The Legacy of the Virginian Germans
The German were skilled craftsmen: They built houses, mills, and wheelwright shops. They also made fine furniture—a legacy that still lives on in the area’s Clore Furniture factory. The W.J. Carpenter (Zimmerman) family and the Aylor family both made poultry shipping coops until the 1970s. Today an auction house along U.S. Route 29 in Madison County, Virginia, still lovingly maintains the W.J. Carpenter Coop Factory building.
Perhaps the most important legacy of the Virginia Germans was their service in America’s War of Independence. On January 21, 1776, Lutheran pastor John Peter Muhlenberg of Woodstock, Virginia was preaching from the third chapter of Ecclesiastes. “To everything there is a season … a time of war, and a time of peace.” Opening his clerical robe to reveal the uniform of a Continental Army colonel, Rev. Muhlenberg then added, “And this is the time of war.” George Washington had personally asked Muhlenberg to raise up and command the 8th Virginia Regiment. Among his congregation, 162 men enlisted on the spot, and hundreds more would follow. The 8th Virginia Regiment also came to be known as the German Regiment, because of its many German descendants who fought as patriots for the cause of freedom.
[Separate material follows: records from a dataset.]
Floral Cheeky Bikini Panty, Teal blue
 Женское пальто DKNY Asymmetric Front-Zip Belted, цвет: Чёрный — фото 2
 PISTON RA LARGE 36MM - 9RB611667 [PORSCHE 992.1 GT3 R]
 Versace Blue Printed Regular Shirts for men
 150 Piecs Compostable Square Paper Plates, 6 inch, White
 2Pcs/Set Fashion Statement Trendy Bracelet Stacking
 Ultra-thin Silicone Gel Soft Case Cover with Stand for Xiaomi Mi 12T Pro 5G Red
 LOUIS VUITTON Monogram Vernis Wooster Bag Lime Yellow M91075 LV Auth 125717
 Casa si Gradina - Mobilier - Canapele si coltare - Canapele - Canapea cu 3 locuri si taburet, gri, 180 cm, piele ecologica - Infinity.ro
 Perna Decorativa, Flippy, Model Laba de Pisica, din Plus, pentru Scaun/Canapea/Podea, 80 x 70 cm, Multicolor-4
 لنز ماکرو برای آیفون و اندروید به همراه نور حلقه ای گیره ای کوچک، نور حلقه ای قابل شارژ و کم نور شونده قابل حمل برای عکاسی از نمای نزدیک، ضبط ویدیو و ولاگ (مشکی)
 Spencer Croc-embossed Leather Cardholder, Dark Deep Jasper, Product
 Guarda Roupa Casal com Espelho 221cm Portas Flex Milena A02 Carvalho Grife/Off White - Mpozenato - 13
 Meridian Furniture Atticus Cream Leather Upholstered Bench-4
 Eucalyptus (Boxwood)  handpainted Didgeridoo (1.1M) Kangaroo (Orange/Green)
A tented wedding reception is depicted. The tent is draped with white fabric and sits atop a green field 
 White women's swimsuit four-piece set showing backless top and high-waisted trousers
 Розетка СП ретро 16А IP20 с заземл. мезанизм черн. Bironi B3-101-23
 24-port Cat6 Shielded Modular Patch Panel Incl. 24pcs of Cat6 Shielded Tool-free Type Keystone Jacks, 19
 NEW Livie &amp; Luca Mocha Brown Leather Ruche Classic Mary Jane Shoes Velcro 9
Today, descendants of the Germanna colonists still farm in places like the Hebron Valley. They engage in trades of all sorts and many have ventured far from the original settlements and land patents. One has even walked on the moon. Edwin “Buzz” Aldrin, Apollo 11 astronaut who flew in the Lunar Module to the first manned landing on the lunar surface, is a descendant of Germanna colonists. He is just one of the many who have enriched America.